And we admittedly, we had a few wells and at the beginning, where I’d say we stubbed our toes a little bit, they were challenging at first for us. Most industry are drilling 7,500 foot laterals. We went to 10,000.
But because we went early and we figured it out and we went up – what we call a modified swim hole design, that design has turned out to be very robust and be the appropriate design that we have now stayed with for a long time.
So we have many, many reputations of drilling the same type well over and over and over many more than I think that many of our peer companies out there with this particular design. And that just allows us to be further down on the efficiency curve. Now, are we done? We absolutely are never done. No way.

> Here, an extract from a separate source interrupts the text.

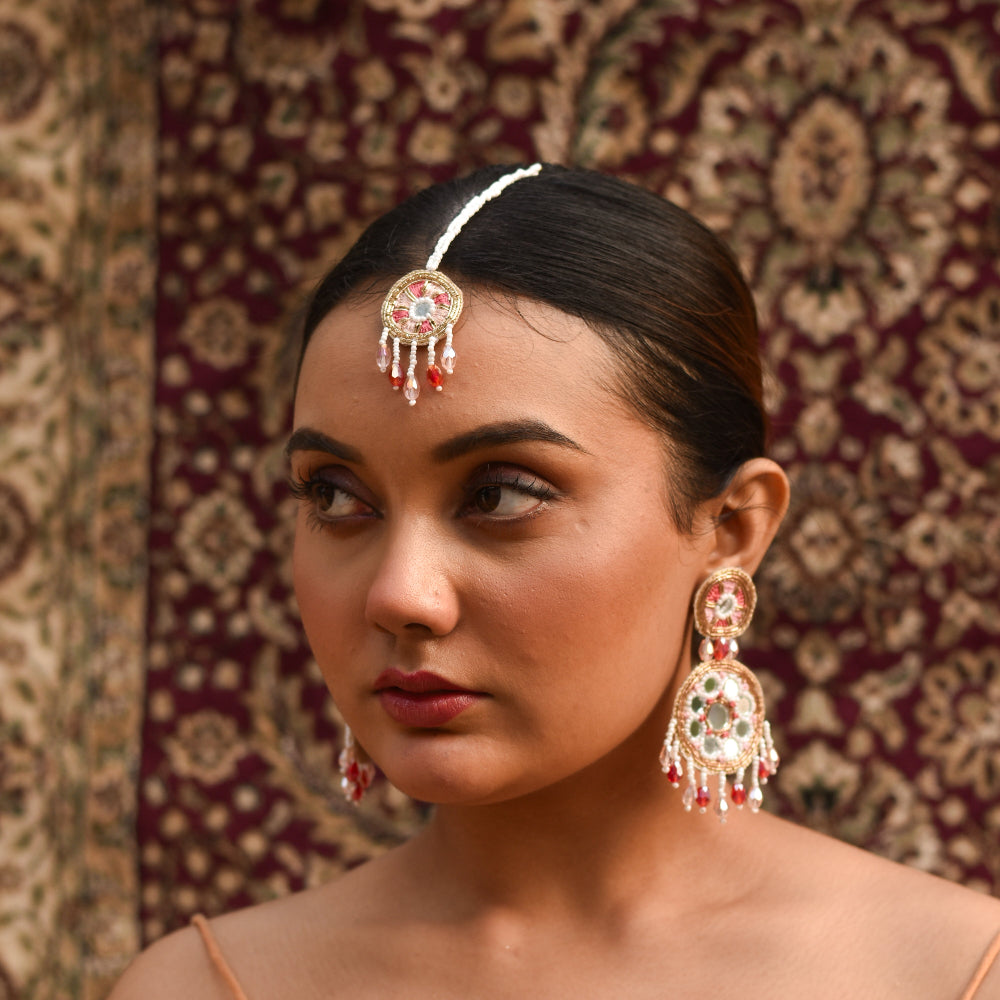 Woman wearing traditional imitation jewelry for her haldi and wedding celebration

But I think if there’s a question – this almost seems too good to be true. Why are you able to do this? I would say those are a couple of the big things, as well as allowing us to optimize our costs from our vendors when you go to that fixed design like that..
Thank you..
Our next question comes from Neal Dingmann with Truist Securities. Your line is now open..
Good morning, guys. Dave, my first question for you or Jeff, is to get kind of talked about a little bit, that’s really on Slide 14. And you’ve talked a lot about your thoughts about the variable dividend, but I just want to make sure I’m clear. On that Slide, you talk about that the dividend can be up to a 50% of excess free cash.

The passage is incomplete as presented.